Klarna has raised $332 million in venture capital from investors that include Moscow-based investment firm DST Global and U.S. venture capital firms General Atlantic and Sequoia Capital. It was valued at $2.25 billion in 2015 when a group of insiders sold shares privately. That makes it one of Europe’s tech unicorns, or private companies valued at more than $1 billion.

The company made a profit of 169.9 million Swedish krona ($18 million) on revenue of 2.78 billion krona ($307 million) in 2015, the last year for which the company’s annual results are available.

Senior Exits

Alongside Billingsley’s exit, Klarna’s chief financial officer, its top communications executive and several top European regional executives all left over the past year. 
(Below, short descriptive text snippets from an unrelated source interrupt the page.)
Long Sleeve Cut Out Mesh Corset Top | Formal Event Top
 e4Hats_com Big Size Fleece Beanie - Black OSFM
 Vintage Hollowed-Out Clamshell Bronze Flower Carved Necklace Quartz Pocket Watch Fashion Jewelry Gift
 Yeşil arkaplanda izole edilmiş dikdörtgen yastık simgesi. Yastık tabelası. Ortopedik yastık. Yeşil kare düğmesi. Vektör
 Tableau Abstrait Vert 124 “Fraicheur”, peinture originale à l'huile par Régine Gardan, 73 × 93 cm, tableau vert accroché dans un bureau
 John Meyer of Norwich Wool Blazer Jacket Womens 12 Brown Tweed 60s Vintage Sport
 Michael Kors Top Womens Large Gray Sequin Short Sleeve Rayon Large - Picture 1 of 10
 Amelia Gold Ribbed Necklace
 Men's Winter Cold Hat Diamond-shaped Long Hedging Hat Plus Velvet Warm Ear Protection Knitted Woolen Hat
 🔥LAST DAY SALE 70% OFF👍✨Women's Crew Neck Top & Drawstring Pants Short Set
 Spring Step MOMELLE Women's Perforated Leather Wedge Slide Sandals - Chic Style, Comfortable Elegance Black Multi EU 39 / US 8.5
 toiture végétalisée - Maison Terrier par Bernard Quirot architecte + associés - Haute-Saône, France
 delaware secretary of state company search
Houlihan said the departures had included employees of "varying degrees of seniority" and that its "employee turnover is typical" for the industry. She declined to provide a turnover figure. She said Billingsley’s departure came as Klarna restructures its North American operations for "a new phase of expansion," moving its commercial and sales headquarters to New York City from Columbus, Ohio.

Billingsley did not respond to requests for comment.

Klarna said that in the U.S. --flagged as a key growth market for the company-- its administrative offices will remain in Columbus, including its legal and customer service teams, while its sales and marketing operations will shift to New York.

In the U.S., the Swedish company is facing competition from entrenched online checkout and payment providers, as well as a slew of smaller rivals. Its biggest competitors are Stripe Inc., Amazon Payments, Google Checkouts, and PayPal Holdings Inc., which has launched similar one-button checkout and consumer credit options.

Klarna entered the U.S. market in September 2015, quickly signing up Overstock.com Inc., Shoes.com Inc. and Shopify Inc. as anchor customers. The company said 2.5 million Americans had used its checkout service. It is now launching a consumer financing product in the U.S. that will allow customers to pay for items upon delivery, instead of at the time of purchase, or set up a plan to pay for an item in installments.